U.S. SECURITIES AND EXCHANGE COMMISSION
Litigation Release No. 19795 / August 8, 2006
SEC v. Peter D. Kirschner and Media Magic, Inc., U.S. District Court for the District of Columbia, Civil Action No. 06-1403RMU, filed August 8, 2006
SEC Sues Consultant Peter Kirschner for Fraudulent Sales of Prematurely Issued Stock Dividend Shares
The Securities and Exchange Commission announced today that it charged consultant Peter D. Kirschner with fraudulently procuring stock dividend shares in advance of the date on which they were to be publicly distributed and selling those shares into an uninformed market at prices that did not yet reflect the increase in the total number of outstanding shares. In addition, the Commission charged Kirschner and Media Magic, Inc., formerly GLUV Corp., with offering and selling these shares in violation of the registration provisions of the federal securities laws.
The Commission's complaint, filed in the United States District Court for the District of Columbia, alleges that Kirschner arranged for GLUV's transfer agent to prematurely issue him 3,000,000 dividend shares in advance of the time at which dividend shares were to be distributed to GLUV's other shareholders. There was no publicly available information indicating that Kirschner's dividend shares had been issued in advance of the payment date. Kirschner sold 19,500 of these prematurely issued shares into the uninformed market at prices ranging from $5.50 to $7.95 per share, realizing net proceeds of $109,400. Had Kirschner sold the same quantity of shares hours later, he would have realized gross proceeds of less than $20, as these shares were then trading at less than a penny, reflecting the adjustment by the market to the issuance the stock dividend.
Specifically, the Commission charged Kirschner with violating Sections 5(a), 5(c) and 17(a) of the Securities Act of 1933 ("Securities Act") and Section 10(b) of the Securities Exchange Act of 1934 ("Exchange Act") and Rule 10b-5 thereunder, and charged Media Magic with violating Sections 5(a) and 5(c) of the Securities Act. Without admitting or denying the Commission's allegations, Kirschner consented to the entry of an order permanently enjoining him from violating the registration and antifraud provisions of the federal securities laws.

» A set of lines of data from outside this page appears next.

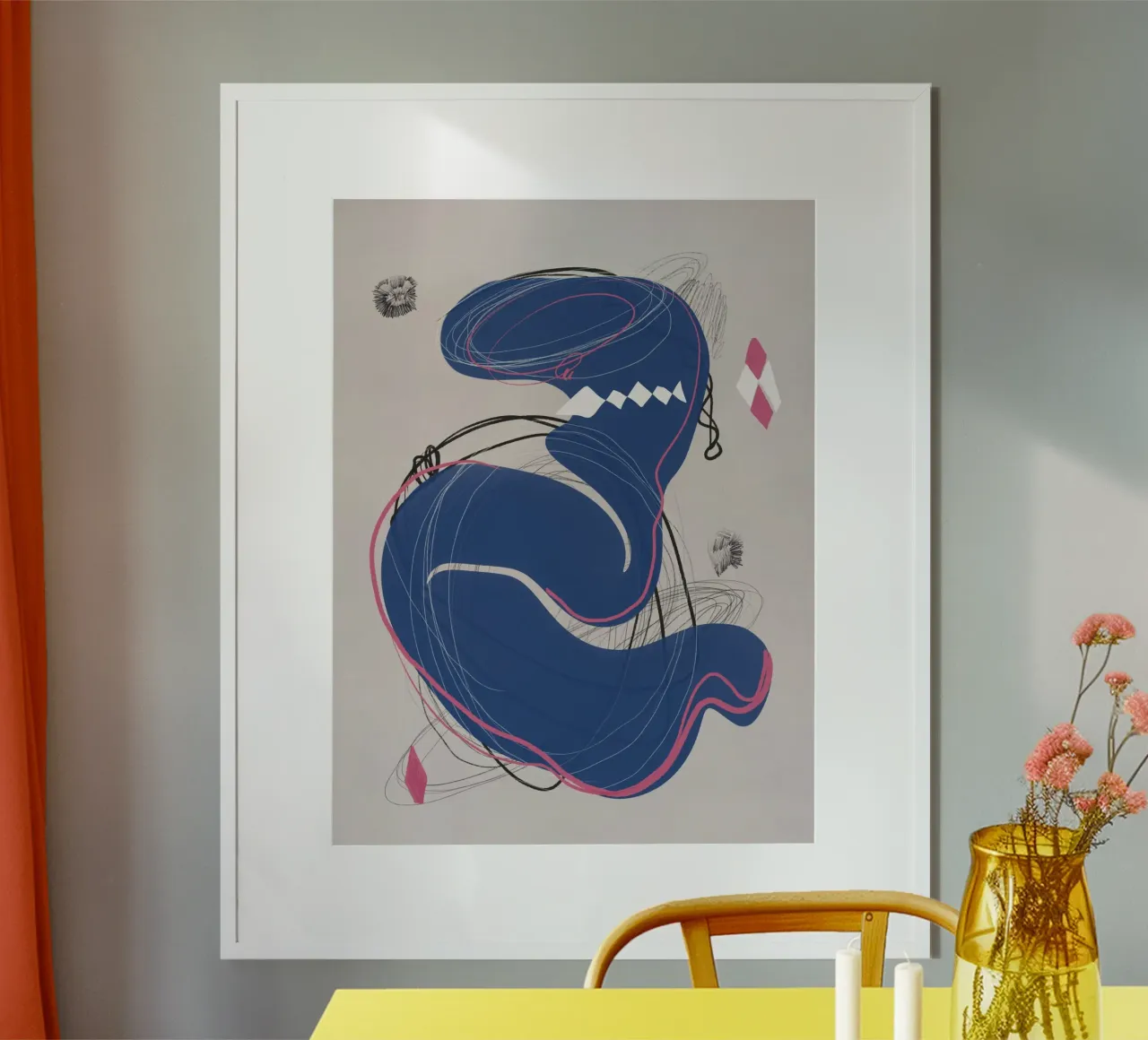 Composizione astratta 02 poster da Little Dean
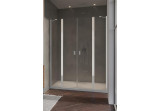 Komplet ścianek do drzwi prysznicowych Radaway Nes 8 DWD II 570, profil chrom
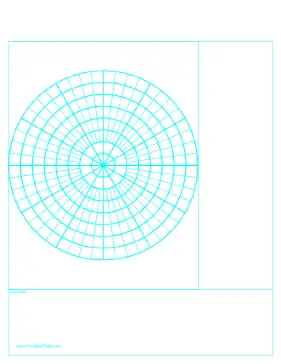 Printable Cornell Note Paper with Polar Grid - Reversed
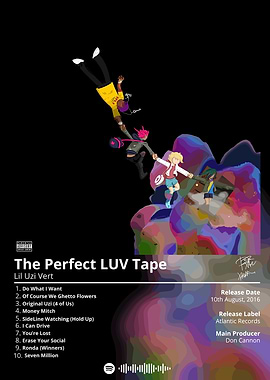 lil uzi The Perfect LUV Tape Album Cover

Kirschner also consented to disgorge $109,400 in ill-gotten gains, plus prejudgment interest, and pay a $55,000 civil penalty. In a related Administrative Proceeding, Kirschner consented to the entry of an order barring him from association with any broker or dealer with the right to reapply for association after five years to the appropriate self-regulatory organization. Media Magic, without admitting or denying the Commission's allegations, consented to the entry of an order permanently enjoining it from violating the registration provisions of the federal securities laws, and will pay a $55,000 civil penalty.